They compared ZeRO against baseline DP (PyTorch DDP) and a SOTA TP system (Megatron-LM) to show throughput (TFLOPS) improvements and memory savings.
Experiments scaling a 60B model from 64 to 400 GPUs demonstrated “super-linear” speedups when increasing the DP degree, due to higher permissible batch sizes per GPU.
Detailed measurements of GPU memory usage were provided, showing how partitioning optimizer states, gradients, and parameters significantly reduces per-GPU requirements.
The authors trained a 17B-parameter language model (Turing-NLG) that achieved a new SOTA (Webtext-103 perplexity of 10.21), illustrating real-world applicability.
4. What are the shortcomings/limitations of this paper?
Although ZeRO can fit a trillion-parameter model in terms of memory, training it end-to-end would still take an impractically long time on today’s (2020) hardware (potentially months or more).
While it claims only a 1.5× communication overhead relative to standard DP using stage 3, that cost can be non-trivial in scenarios with limited interconnect bandwidth.
Properly tuning activation checkpoint partitioning (e.g., deciding when to offload to CPU) may require domain-specific heuristics and can introduce additional overhead if not carefully managed.
Achieving the advertised efficiency sometimes requires many GPUs with specific high-bandwidth interconnects (e.g., NVSwitch within a node, high-speed inter-node links).
Although transformers are a dominant architecture, the paper does not deeply explore how ZeRO might handle other model types with different memory patterns.
5. What is a reasonable next step to build upon this paper?
Investigate more strategies for dynamically offloading activations and model states, taking into account heterogeneous memory tiers (e.g., GPU HBM, CPU DRAM, NVMe).

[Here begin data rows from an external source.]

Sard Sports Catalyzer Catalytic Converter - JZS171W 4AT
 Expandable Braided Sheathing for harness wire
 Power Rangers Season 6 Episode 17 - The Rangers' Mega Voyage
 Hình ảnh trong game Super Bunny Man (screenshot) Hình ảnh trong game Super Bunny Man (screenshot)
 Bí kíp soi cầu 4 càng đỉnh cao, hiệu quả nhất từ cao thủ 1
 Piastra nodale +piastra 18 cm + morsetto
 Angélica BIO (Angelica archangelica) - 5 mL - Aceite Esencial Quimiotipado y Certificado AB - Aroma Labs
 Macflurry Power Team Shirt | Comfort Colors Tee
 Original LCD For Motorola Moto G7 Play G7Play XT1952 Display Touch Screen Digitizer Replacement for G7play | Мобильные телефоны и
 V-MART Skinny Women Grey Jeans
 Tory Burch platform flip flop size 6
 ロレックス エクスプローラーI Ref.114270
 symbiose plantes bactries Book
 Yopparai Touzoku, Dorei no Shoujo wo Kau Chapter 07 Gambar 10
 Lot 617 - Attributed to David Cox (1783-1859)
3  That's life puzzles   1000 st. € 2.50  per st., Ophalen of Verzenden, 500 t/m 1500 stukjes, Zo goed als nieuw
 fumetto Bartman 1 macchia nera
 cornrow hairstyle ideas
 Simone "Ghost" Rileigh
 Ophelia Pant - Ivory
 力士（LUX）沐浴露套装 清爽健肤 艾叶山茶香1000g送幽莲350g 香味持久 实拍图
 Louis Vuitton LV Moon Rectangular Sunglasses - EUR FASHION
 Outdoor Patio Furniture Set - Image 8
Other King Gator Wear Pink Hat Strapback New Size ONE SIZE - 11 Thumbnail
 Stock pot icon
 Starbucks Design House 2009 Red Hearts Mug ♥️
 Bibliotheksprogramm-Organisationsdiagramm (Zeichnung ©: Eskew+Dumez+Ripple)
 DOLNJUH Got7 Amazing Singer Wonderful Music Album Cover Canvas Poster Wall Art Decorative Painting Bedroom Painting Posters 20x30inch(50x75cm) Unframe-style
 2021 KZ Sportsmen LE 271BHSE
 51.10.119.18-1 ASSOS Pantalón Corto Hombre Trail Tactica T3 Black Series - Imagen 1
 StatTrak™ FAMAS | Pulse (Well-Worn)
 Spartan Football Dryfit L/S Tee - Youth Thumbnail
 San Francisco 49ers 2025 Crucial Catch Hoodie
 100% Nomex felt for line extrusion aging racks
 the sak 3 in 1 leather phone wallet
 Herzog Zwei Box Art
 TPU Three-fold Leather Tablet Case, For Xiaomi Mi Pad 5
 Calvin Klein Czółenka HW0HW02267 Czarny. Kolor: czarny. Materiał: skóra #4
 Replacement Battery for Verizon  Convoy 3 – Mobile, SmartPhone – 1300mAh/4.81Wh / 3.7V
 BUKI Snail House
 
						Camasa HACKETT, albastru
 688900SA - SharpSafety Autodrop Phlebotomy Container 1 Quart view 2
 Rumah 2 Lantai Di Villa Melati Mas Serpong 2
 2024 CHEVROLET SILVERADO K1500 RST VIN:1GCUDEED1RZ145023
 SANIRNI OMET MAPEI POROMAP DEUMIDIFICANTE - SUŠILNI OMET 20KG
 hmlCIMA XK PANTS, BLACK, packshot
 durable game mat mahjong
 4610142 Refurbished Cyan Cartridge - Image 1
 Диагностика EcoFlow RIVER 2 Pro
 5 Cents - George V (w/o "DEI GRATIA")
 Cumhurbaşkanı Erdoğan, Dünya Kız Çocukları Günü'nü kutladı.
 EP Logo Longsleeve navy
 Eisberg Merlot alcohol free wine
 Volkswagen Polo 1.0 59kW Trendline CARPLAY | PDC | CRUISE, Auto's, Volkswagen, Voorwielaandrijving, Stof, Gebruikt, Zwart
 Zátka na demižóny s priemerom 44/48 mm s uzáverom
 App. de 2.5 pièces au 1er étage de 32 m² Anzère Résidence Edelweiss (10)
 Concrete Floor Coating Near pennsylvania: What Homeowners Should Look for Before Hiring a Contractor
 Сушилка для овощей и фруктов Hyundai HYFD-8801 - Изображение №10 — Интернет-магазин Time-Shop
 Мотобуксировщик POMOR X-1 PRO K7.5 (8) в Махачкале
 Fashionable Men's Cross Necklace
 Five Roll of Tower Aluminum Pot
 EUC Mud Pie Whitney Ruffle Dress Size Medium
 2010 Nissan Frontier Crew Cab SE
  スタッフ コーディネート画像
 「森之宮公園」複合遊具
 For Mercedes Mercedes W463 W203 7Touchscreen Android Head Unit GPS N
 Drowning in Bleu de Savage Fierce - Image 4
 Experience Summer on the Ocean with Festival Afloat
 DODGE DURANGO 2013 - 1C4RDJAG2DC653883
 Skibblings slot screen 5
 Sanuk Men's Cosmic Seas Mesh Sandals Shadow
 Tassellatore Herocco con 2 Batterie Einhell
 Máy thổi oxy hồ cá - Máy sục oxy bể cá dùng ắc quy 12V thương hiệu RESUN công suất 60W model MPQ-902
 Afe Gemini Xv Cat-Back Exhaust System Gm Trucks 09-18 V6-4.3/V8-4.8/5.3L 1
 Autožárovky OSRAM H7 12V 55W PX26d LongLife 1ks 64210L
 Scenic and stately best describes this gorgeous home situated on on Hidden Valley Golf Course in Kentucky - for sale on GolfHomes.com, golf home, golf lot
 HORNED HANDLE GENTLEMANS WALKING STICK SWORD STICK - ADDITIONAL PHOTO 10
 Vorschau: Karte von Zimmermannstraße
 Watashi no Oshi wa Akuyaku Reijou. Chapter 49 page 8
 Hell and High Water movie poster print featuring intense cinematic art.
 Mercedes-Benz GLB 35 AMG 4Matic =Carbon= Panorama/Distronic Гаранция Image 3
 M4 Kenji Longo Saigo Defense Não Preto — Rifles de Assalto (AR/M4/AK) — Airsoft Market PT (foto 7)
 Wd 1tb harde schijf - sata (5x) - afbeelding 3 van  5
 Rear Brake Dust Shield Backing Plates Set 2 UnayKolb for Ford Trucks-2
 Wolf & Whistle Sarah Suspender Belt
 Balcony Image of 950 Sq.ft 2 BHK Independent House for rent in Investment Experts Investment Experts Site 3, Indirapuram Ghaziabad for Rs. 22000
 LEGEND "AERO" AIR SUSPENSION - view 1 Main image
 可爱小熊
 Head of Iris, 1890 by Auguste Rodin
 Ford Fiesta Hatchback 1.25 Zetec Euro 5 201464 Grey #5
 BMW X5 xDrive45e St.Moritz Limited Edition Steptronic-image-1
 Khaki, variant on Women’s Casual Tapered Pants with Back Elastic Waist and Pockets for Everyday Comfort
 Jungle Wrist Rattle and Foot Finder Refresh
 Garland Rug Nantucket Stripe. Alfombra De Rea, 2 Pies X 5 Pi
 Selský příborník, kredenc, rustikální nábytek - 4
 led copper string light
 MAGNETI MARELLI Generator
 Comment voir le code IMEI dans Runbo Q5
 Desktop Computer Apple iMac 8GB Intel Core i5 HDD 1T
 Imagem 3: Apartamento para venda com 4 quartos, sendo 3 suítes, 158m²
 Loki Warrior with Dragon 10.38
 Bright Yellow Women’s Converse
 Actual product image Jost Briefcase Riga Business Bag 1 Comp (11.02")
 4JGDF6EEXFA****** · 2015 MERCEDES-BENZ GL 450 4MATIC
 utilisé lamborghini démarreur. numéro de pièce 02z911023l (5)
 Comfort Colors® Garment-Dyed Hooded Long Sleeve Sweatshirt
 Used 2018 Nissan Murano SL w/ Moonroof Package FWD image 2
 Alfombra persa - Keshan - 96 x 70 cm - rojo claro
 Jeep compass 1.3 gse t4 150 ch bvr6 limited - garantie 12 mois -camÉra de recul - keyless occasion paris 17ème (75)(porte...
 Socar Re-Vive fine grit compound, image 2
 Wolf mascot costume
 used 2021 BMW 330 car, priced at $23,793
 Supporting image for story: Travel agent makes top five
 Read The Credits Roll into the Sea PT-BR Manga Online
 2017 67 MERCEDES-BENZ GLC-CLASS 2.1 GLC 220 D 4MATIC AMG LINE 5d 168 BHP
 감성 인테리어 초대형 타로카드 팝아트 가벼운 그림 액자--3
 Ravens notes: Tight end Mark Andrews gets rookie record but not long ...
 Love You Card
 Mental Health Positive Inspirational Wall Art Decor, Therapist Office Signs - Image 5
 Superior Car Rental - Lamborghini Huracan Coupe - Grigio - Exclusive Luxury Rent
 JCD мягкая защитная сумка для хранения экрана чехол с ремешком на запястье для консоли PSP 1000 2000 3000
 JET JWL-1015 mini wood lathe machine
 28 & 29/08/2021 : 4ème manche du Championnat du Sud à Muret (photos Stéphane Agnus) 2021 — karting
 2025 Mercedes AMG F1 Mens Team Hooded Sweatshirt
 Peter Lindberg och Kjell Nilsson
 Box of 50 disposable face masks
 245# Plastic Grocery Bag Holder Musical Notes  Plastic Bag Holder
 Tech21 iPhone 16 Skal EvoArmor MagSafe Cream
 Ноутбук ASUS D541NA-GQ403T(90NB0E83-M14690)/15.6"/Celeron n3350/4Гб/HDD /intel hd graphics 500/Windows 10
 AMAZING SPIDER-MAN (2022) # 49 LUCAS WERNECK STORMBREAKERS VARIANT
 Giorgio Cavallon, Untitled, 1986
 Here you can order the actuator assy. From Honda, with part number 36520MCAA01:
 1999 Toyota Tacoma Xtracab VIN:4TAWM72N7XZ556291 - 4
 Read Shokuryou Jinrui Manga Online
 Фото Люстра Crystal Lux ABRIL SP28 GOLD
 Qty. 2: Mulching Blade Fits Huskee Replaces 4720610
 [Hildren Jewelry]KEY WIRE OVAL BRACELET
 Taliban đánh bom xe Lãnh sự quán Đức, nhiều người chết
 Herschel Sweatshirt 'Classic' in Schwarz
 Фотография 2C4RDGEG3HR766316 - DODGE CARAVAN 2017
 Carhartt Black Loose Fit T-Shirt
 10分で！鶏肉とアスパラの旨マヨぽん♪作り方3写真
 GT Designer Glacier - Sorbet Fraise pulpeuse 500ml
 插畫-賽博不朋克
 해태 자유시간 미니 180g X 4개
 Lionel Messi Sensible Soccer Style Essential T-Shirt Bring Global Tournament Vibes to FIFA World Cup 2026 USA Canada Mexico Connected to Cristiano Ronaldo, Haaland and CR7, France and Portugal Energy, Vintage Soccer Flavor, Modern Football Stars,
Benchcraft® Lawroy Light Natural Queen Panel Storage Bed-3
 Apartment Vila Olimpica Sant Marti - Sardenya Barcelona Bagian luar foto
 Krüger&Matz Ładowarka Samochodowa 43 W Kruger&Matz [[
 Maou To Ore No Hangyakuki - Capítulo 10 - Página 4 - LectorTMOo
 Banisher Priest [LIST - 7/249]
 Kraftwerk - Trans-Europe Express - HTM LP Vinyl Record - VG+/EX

Develop a system that automatically selects the best partitioning schedule or CPU-offload policy based on real-time memory usage, communication bandwidth, and arithmetic intensity.
Extend ZeRO’s partitioning approach and memory optimizations to convolution-based architectures, graph NNs, and emerging large-scale models.
As compute clusters grow, explore how ZeRO’s techniques scale in exascale HPC environments with tens of thousands of GPUs, potentially refining communication collectives.
Adapt ZeRO for downstream tasks that require partial model updates or parameter-efficient methods (e.g., LoRA, adapters), ensuring that memory is minimized for both pre-training and fine-tuning stages.
Appendix
- GPU HBM (High-Bandwidth Memory): A type of high-speed, on-package memory used by modern GPUs, providing very high bandwidth and low power consumption compared to traditional GDDR memory.
- NVMe (Non-Volatile Memory Express): A high-performance storage interface protocol for solid-state drives, designed to reduce latency and improve input/output (I/O) operations
- NVSwitch: A fully-connected, high-speed switch architecture by NVIDIA that allows GPUs in the same server (e.g., DGX-2) to communicate at very high bandwidth and low latency.
- Infiniband EDR (Enhanced Data Rate): A network interconnect technology providing high bandwidth and low latency, often used for HPC clusters and GPU communication across nodes.
- Intra-Node vs. Inter-Node: Intra-node refers to devices (e.g., GPUs) within the same physical machine; inter-node refers to devices across different physical machines in a cluster.
- DGX-2: An NVIDIA system that packs up to 16 V100 or A100 GPUs with NVSwitch for high-bandwidth, all-to-all GPU communication.